▶ **What the exercise asks**: With the pictures left out, write out exactly the lines of the listing below that run from the line with "张家口桥西两天一夜深度游攻略：历史与美食的完美邂逅" through the line with "2012年途锐保养归零方法".

▶ **Records for the exercise**:
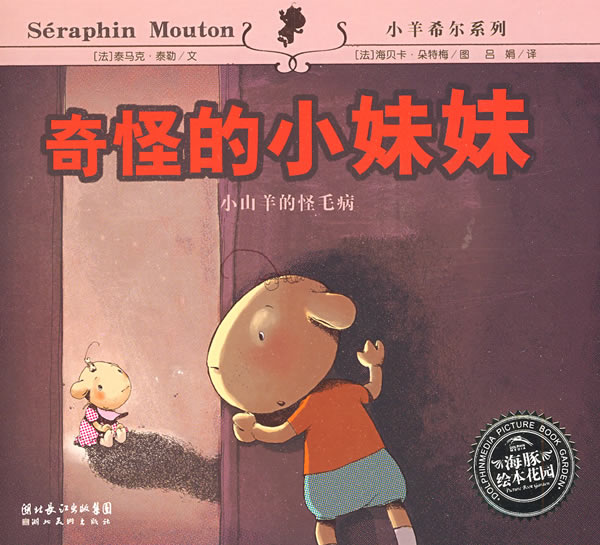 奇怪的小妹妹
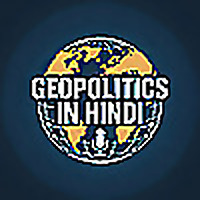 Geopolitics In Hindi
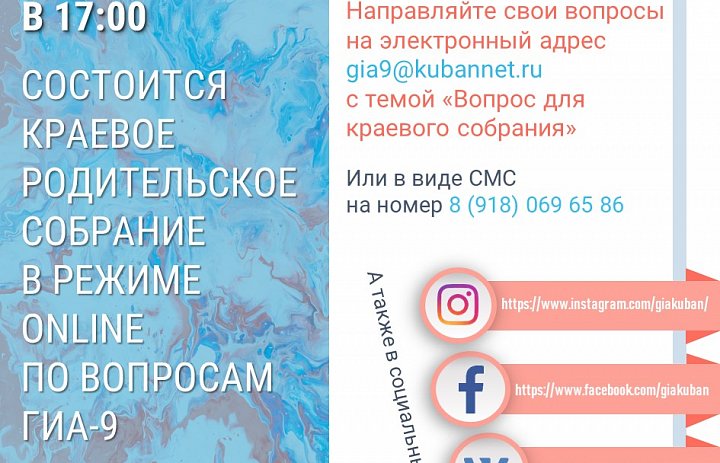 Краевое родительское собрание в режиме online по вопросам ГИА-9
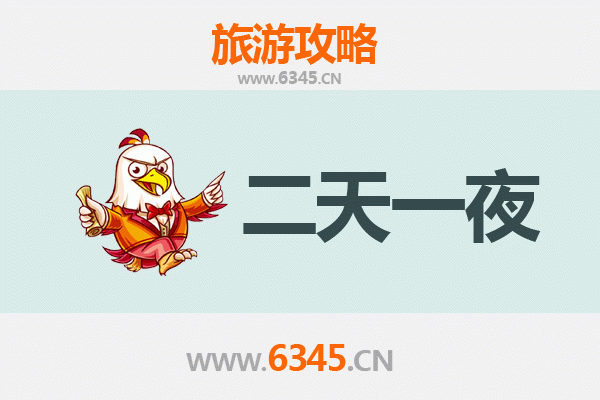 张家口桥西两天一夜深度游攻略：历史与美食的完美邂逅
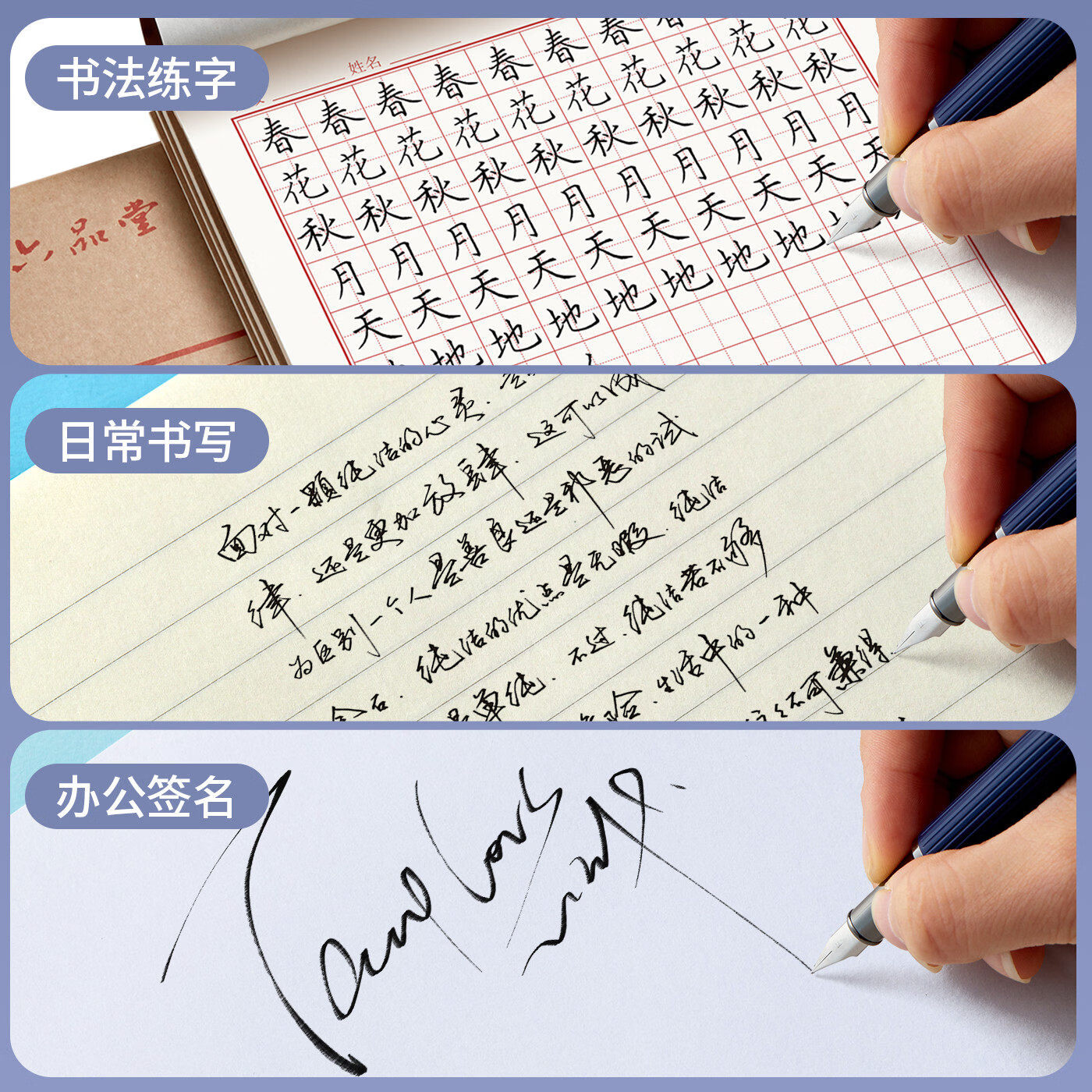 六品堂钢笔练字专用成人可换墨囊书法专用弯尖弯头练字硬笔书法刚笔EF/F笔尖成人签字签名商务办公 练字钢笔-绿色+18支墨囊 F尖 0.5mm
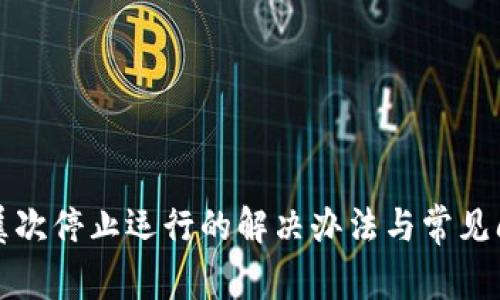 TP钱包屡次停止运行的解决办法与常见问题解析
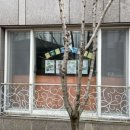 우미2차아파트경로당 이미지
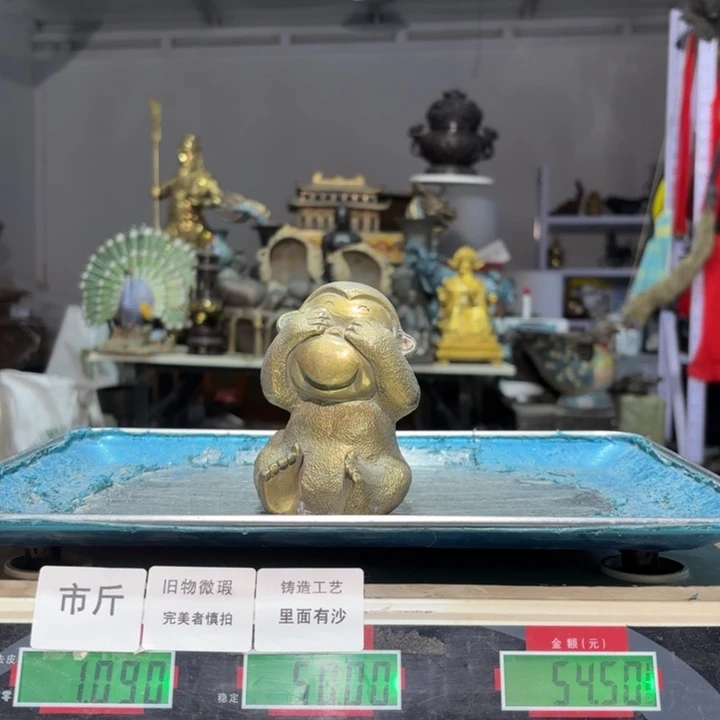 163 铜器物品理性消费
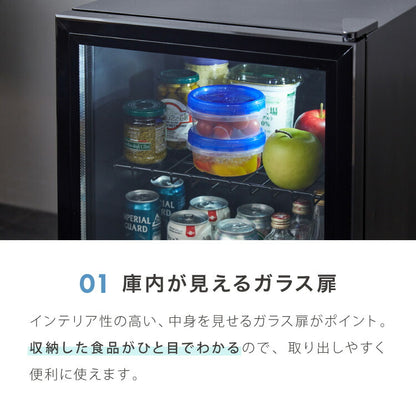 simplus ディスプレイ冷蔵庫 50L ガラストップ コンプレッサー式 温度設定0-10℃ 1ドア LEDライト 右開き サブ冷蔵庫 省エネ 高さ調節 おしゃれ 一人暮らし シンプラス SP-50DSL
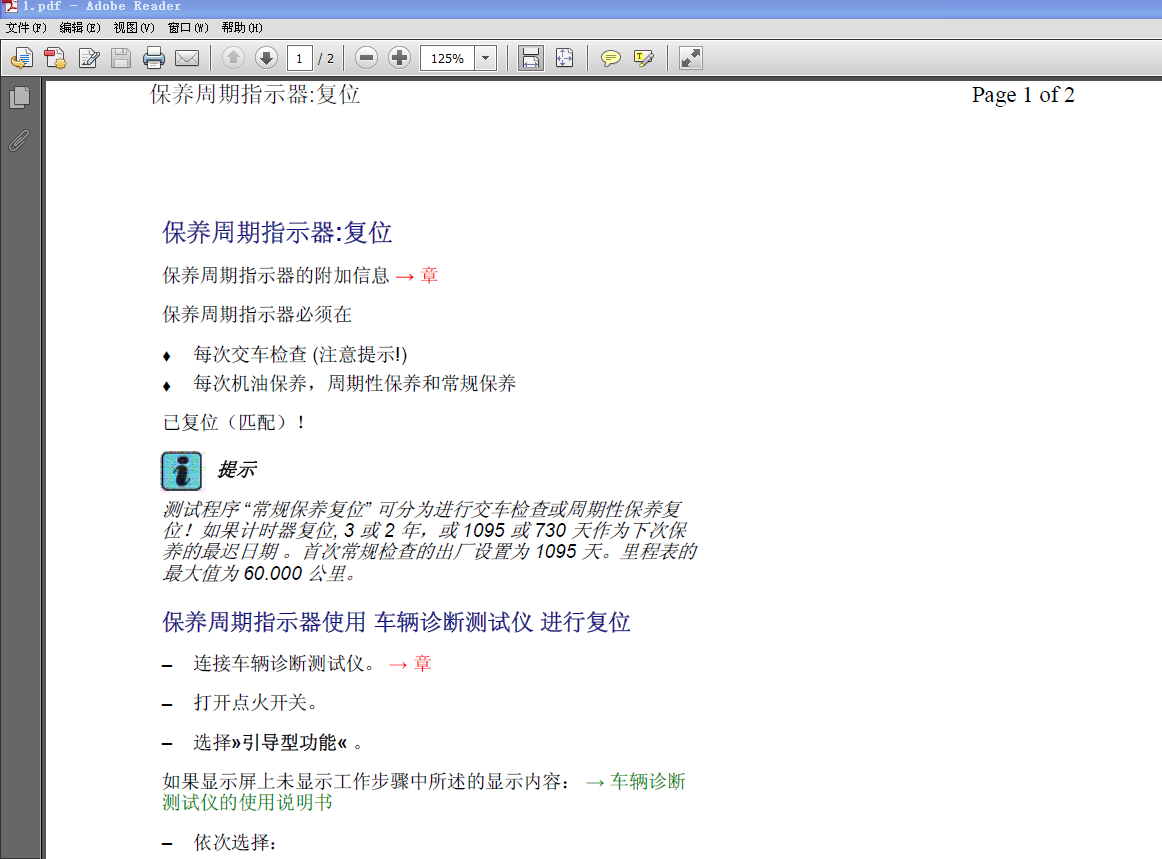 2012年途锐保养归零方法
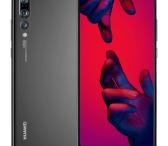 Huawei p20, kaip naujas, pilnas komplektas, dokumentai, 20mp. 2guba Leica kamera, 64gb. 4gb. Ismanusis Telefonas 2sim, kaina- 149.99e. 5,8" ekranas ir daug kt.-0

▶ **Answer area**:
 张家口桥西两天一夜深度游攻略：历史与美食的完美邂逅
 六品堂钢笔练字专用成人可换墨囊书法专用弯尖弯头练字硬笔书法刚笔EF/F笔尖成人签字签名商务办公 练字钢笔-绿色+18支墨囊 F尖 0.5mm
 TP钱包屡次停止运行的解决办法与常见问题解析
 우미2차아파트경로당 이미지
 163 铜器物品理性消费
 simplus ディスプレイ冷蔵庫 50L ガラストップ コンプレッサー式 温度設定0-10℃ 1ドア LEDライト 右開き サブ冷蔵庫 省エネ 高さ調節 おしゃれ 一人暮らし シンプラス SP-50DSL
 2012年途锐保养归零方法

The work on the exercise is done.